MM: Erlauben Sie uns eine abschließende Frage: Eine Geschlechtsumwandlung ist sicherlich kein einfacher Schritt. Und obwohl Gelehrte wie Imam Khamene?i die Geschlechtsumwandlung unter bestimmten umständen erlauben, fällt es vielen Muslimen - gegen ihre eigene Überzeugung - schwer, ein "normales" Verhältnis zu einer Person aufzubauen, die eine Geschlechtsumwandlung hinter sich hat. Wie sind Ihre persönlichen Erfahrungen in der Gesellschaft und wäre es nicht "leichter" Homosexuell zu werden, was übrigens im Islam streng verboten ist?

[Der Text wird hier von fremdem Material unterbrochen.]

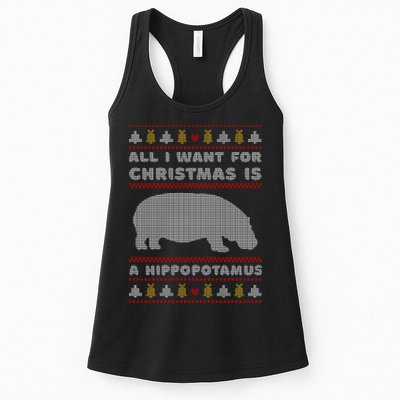 All I Want For Christmas Is A Hippopotamus Cute Ugly Christmas Womens Tank Top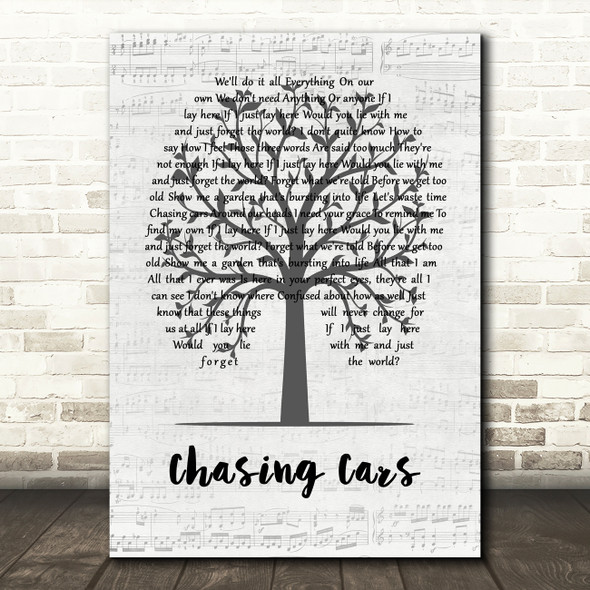 Snow Patrol Chasing Cars Music Script Tree Song Lyric Music Art Print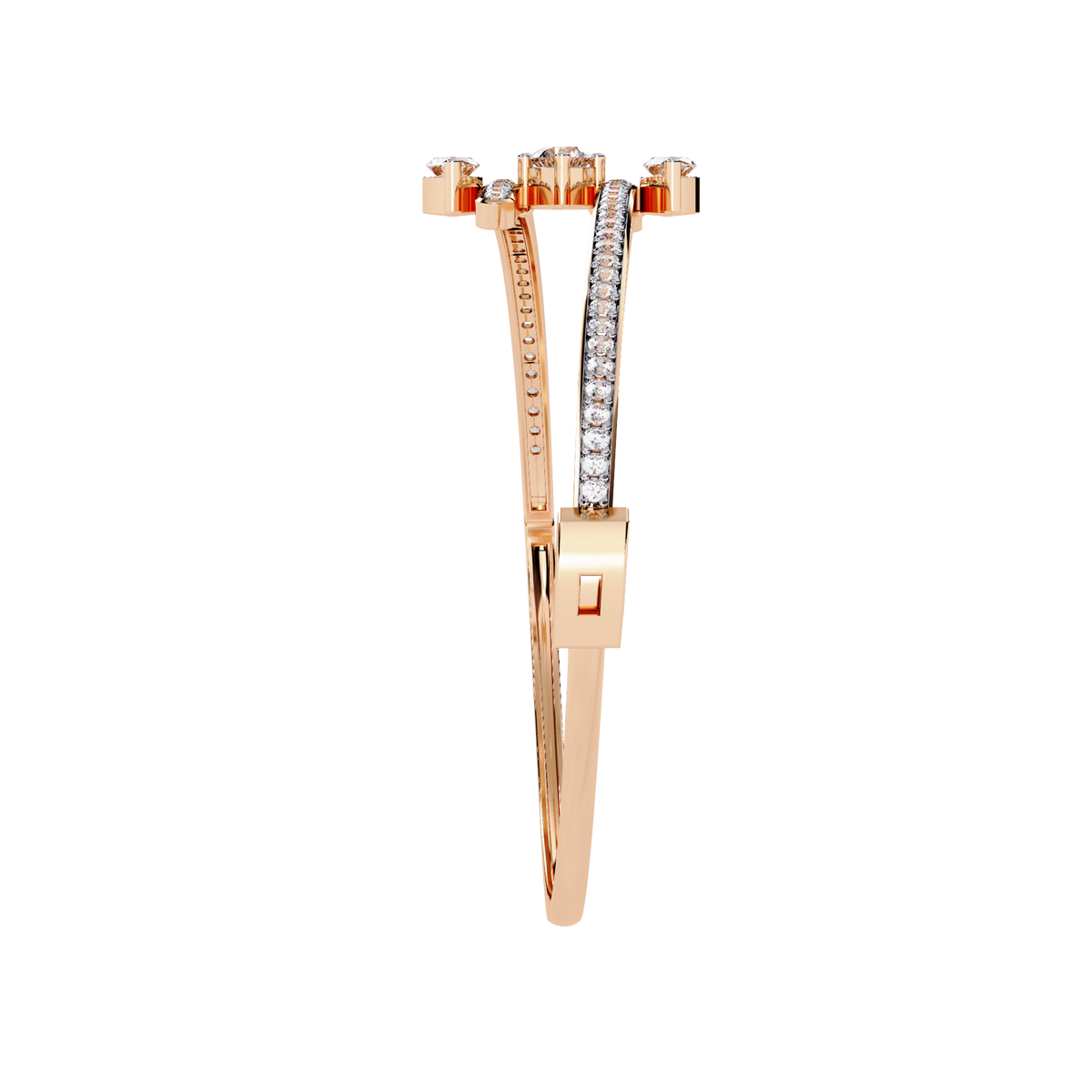 1.6 CTW Mixed Round and Marquise Diamond Bypass Bangle Rose Gold view 3 – Lunéa Paris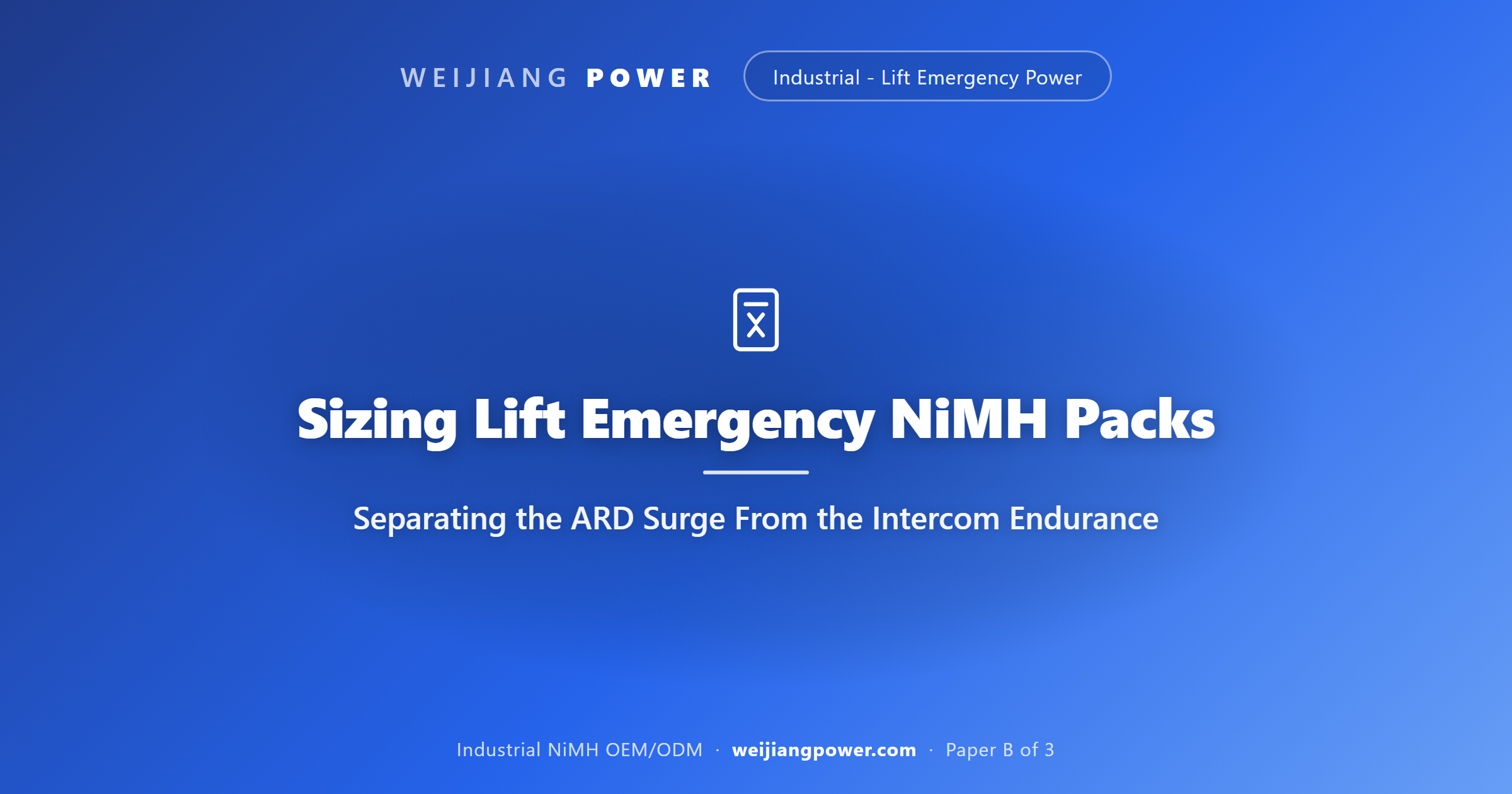 sizing NiMH battery packs for lift ARD rescue and emergency intercom standby talk time energy budget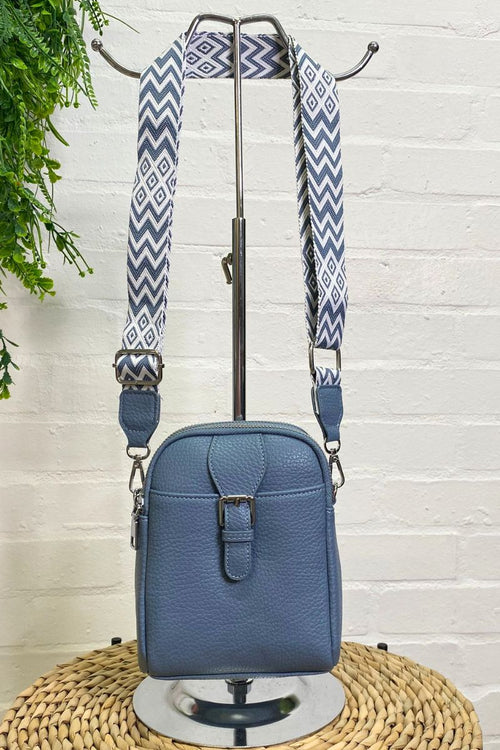 LARA Double Zip Crossbody Bag - Blue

Krienen: Wirkliche Transsexualität hat mit Homosexualität nichts zu tun. Ich kann mir aber vorstellen, dass dies viele Muslime das negativ sehen und ich gebe zu: Ich kann es ihnen nicht ganz verübeln. Und zwar deshalb, weil sich viele, die sich fälschlicherweise transsexuell o.ä. nennen, tatsächlich dies in grotesker und nicht akzeptabler Weise ausleben und in der Öffentlichkeit extrem präsentieren. So wird ein Bild verfestigen, das auf den Betrachter abstoßend wirkt. Insofern halte ich die Aussagen des Imam Khamene?i für überaus tolerant. Für mich ist aber zudem entscheidend, ob die VORAUSSETZUNG überhaupt gegeben ist. Hier bedarf es einer intensiven Prüfung und nichts wäre falscher als eine liberale Haltung, da diese nicht nur wichtige gesellschaftliche Komponenten wie die Familie und die Kinder-Erziehung untergräbt, sondern auch das Mann-Frau-Gefüge ad absurdum führt. Die Aushebelung dieser Beziehung hat den Westen in vielerlei Gestalt zerstört - die muslimische Welt wäre gut beraten, es nicht soweit kommen zu lassen. Individuelle Freiheit: Ja! Aber mit Regeln und in Grenzen!

Gestatten Sie mir noch eine Bemerkung zu den Homosexuellen. Diese sollte man wegen ihrer unglücklichen Neigung und ihres gewählten Lebensweges nicht bestrafen, sondern nur dafür sorgen, dass ihre "Kultur" nicht medial in den Vordergrund gerückt und die Regeln des öffentlichen Anstandes von ihnen eingehalten werden.

Heuchlerisch empören sich Christen und Juden auch über das zwischenmenschliche Zusammensein oder z.B. über die Altersgrenzen im moslemischen Lebensbereich. Ich kann mich über das Verhalten von moslemischen Männern jedoch nicht beschweren - sieht man einmal von ein paar Jugendlichen ab, die auch andere Menschen anpöbeln - und halte es überdies mit Nietzsche: "Der Islam hat Männer zur Voraussetzung."

MM: Frau Krienen, wir danken für das Interview.